The Ghost Files 2 (The Ghost Files - Book 2) (21 page)

“New Orleans?”
he asks, confused.
“No, we was up in Virginia when we got caught.”

“Then how did you get here?”
I ask, just as confused.
“We’re in New Orleans right now.”

He frowns, thinking.
“When I died, I saw this bright light. It felt good, peaceful like, and I remember walking towards it and then…then I was here in this house and Jonas was telling me I had to do penance for what I did in life. I did some bad things, ma’am. I deserve penance, but not this. He hurts us all the time and we’ve tried to stop him, but we can’t. It ain’t right, all us suffering like this.”

“I didn’t do anything wrong,”
a woman spoke up.
“I was in a car crash in Arizona and ended up here.”

She is standing across from us, wearing jeans and a Poison tee shirt. Her blonde hair is all frizzed and puffed up like they wore back in the nineties. Her face is bleeding from a cut above her eye and several others covering the entire surface of her face. That’s not what killed her, though. It has to be the long shard of glass firmly lodged into her throat. My guess is she went through the windshield.

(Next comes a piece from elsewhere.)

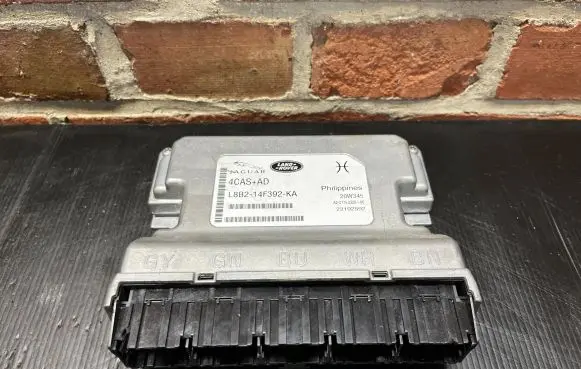 Land Rover Defender Engine control unit/module L8B2-14F392-KA 22192592 LRB214F392KA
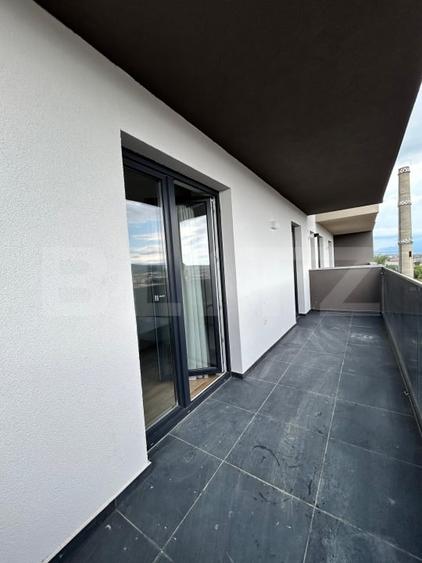 Apartament cu 3 camere decomandat, mobilat în Centura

“What did Jonas tell you?”
I ask curiously.

“Only that I was now a part of his family. I tried to leave, but there’s a barrier up around the house. It won’t let us out.”

That I didn’t know. I focus my thoughts and try to push outside the property. I can get through easily enough. Why can’t they?

I can hear them then, all of them, wailing in the background. They’re suffering so much and the reaper in me needs to help them, but how? I can’t shake the knowledge I know how to help them and it frustrates me that I can’t figure it out.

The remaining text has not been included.